FIG. 7.

MHC class II-restricted expansion of peptide-specific CD4⁺ T cells. PBMCs from HIV-negative and MHC class II-genotyped blood donors were stimulated with the following peptides: for donors 1 to 3, peptides SLYVTVATLYCVHQRIEV and FRKQNPDIVIYQYMDDLYVG, representing HIV Gag (amino acids 77 to 94) and HIV reverse transcriptase (amino acids 171 to 190), respectively (peptides 1 and 2 [P1 and P2]). PBMCs from donor 4 were stimulated with ALFYKLDVVPINDNTSYRL from HIV gp160 (amino acids 174 to 193) and EKLWVTVYYGVPVWKEATTT from HIV gp160 (amino acids 32 to 51) (peptides 3 and 4 [P3 and P4]). After three rounds of peptide stimulation, PBMCs were tested for peptide-specific reactivity defined by intracellular production of TNF-α, IFN-γ, and IL-2 in intracellular cytokine staining.

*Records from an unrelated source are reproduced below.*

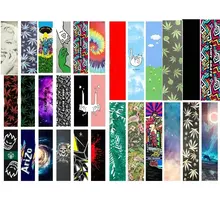 84*23cm New Skateboard Sandpaper Scooter Grip Tapes Longboard Thickening Skid Resistance Fish Board Grip Deck Protection Sticker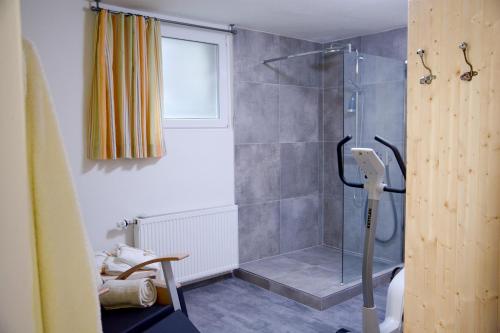 Kúpeľňa v ubytovaní Gerda Wellness Apartment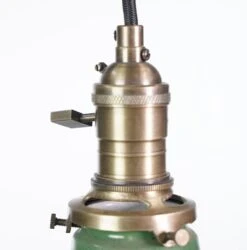 Vintage Industrial 14 In. Steel Green Black Cord Pendant Light 15 Vintage Industrial 14 In. Steel Green Black Cord Pendant Light -OGT Sale Store q282601 06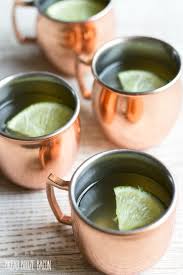 Moscow Mule Jello Shots Bread Booze Bacon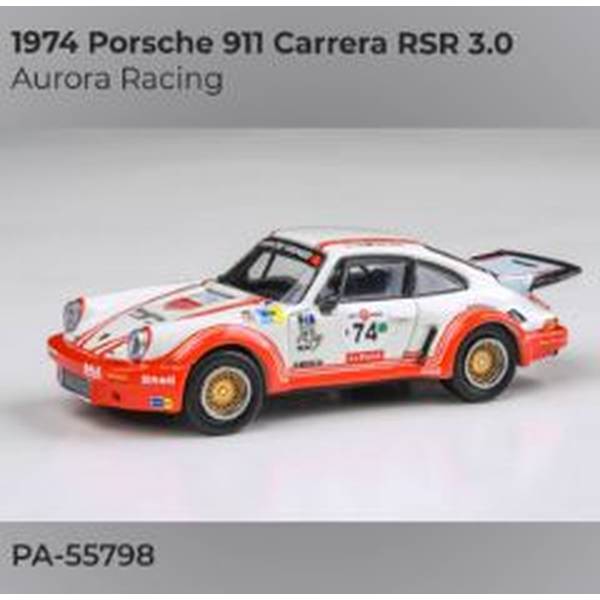 【2月予約】PARA64 1/64 ポルシェ 911 カレラ RSR 3.0 No.74 オーロラレーシング 1974 左ハンドル仕様 完成品ミニカー PA55798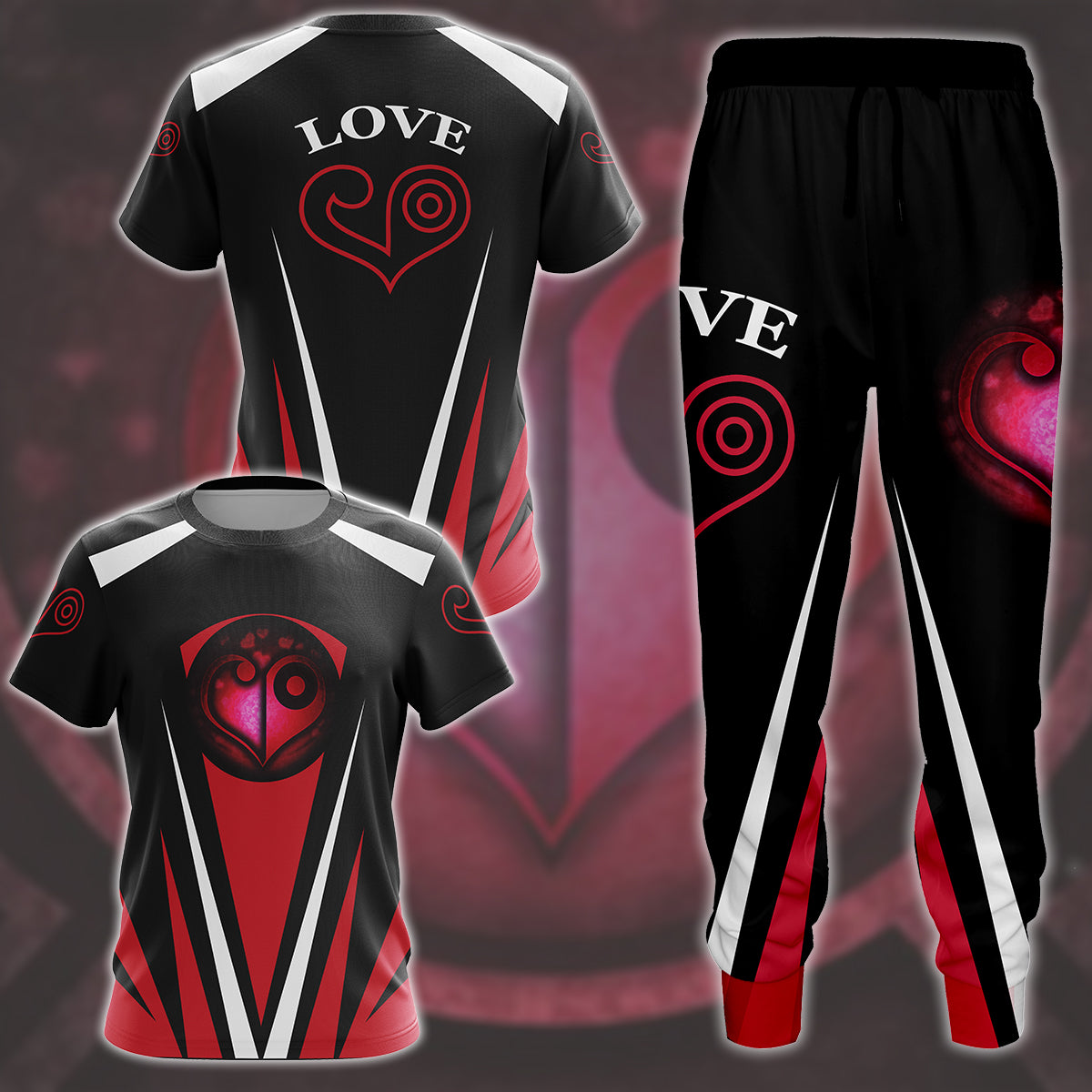 Digimon The Crest Of Love Video Game All Over Printed T-shirt Tank Top Zip Hoodie Pullover Hoodie Hawaiian Shirt Beach Shorts Joggers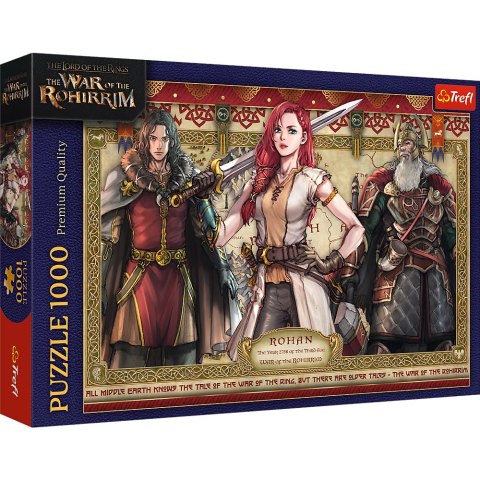 Puzzle - 1000 - Władca Pierścieni: Wojna Rohirrimów - Trefl 10937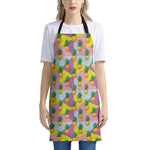 Zigzag Pineapple Pattern Print Apron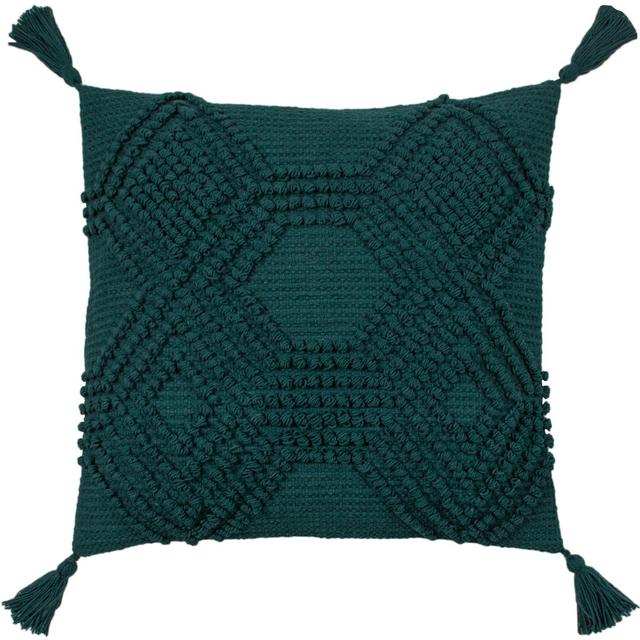 Halmo Cushion with Filling furn. Colour: Teal, Fill Material: Polyester on Productcaster.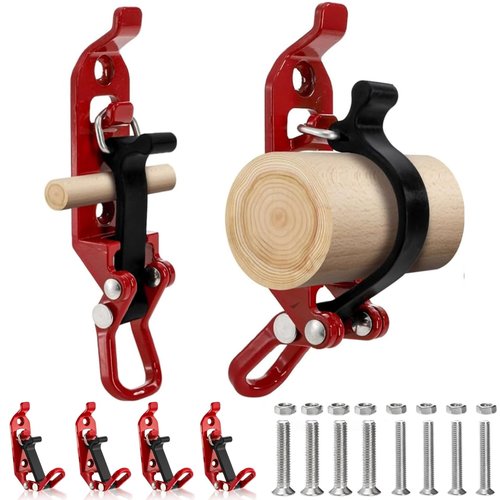 Mezchi Shovel Mount for Truck & Roof Rack, 4 Pack Metal Quick Fist Clamps, Heavy-Duty Shovel Holder with Wall Mounting Brackets Kit, Overland Vehicle Accessories
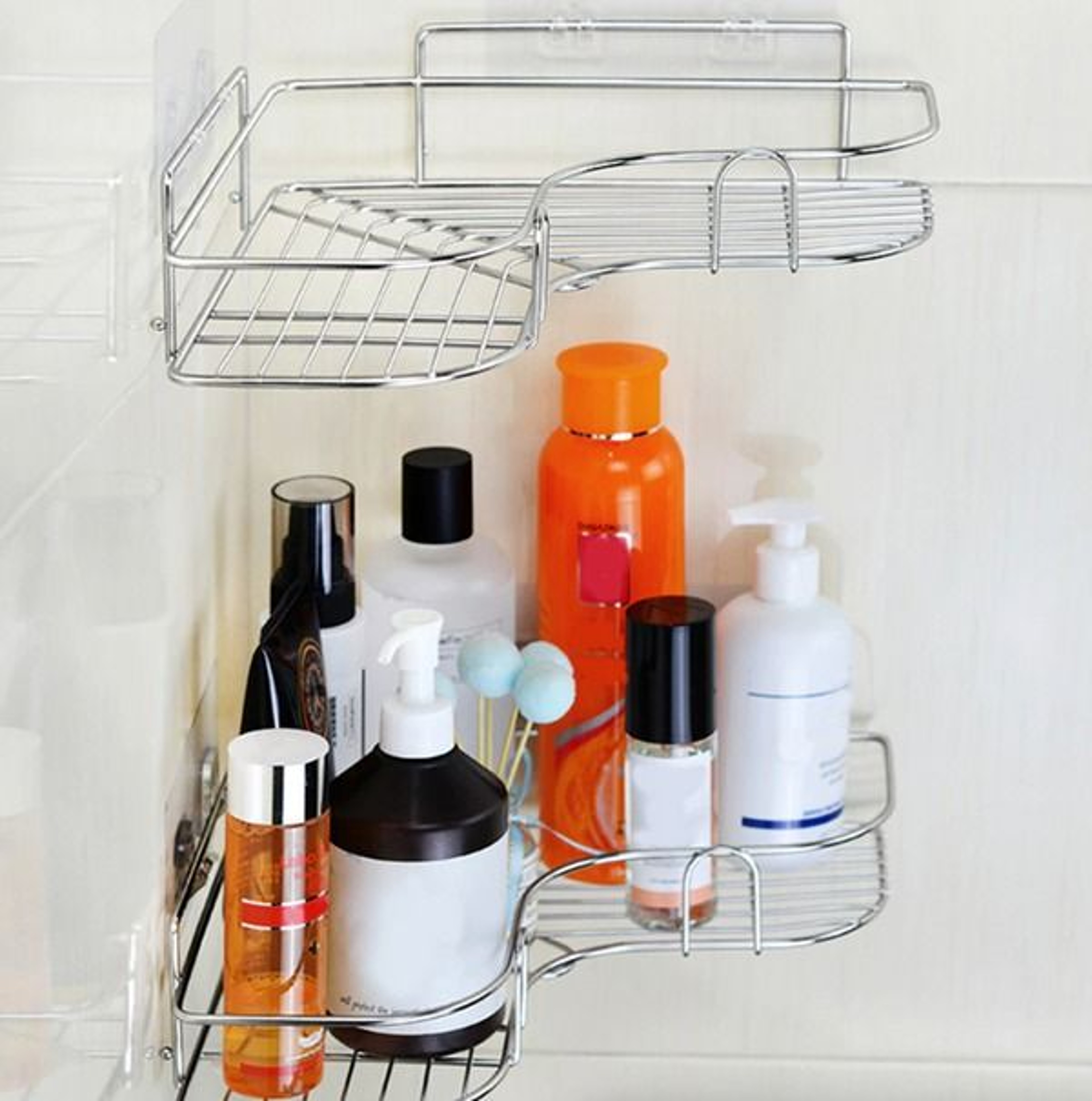 Bathroom Corner Shower Caddy Shelf Organizer Triangular Rack For Bath Storage Stylish Bathroom Stor 7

Phorbol myristate acetate/ionomycin served as the positive control; negative controls included the incubation in medium or stimulation with an irrelevant HIV peptide which was not used for stimulation (EKLWVTVYYGVPVWKEATTT for donors 1 to 3 and peptide FRKQNPDIVIYQYMDDLYVG for donor 4). Results are reported as absolute numbers of cytokine-producing cells/10⁵ CD4⁺ T cells.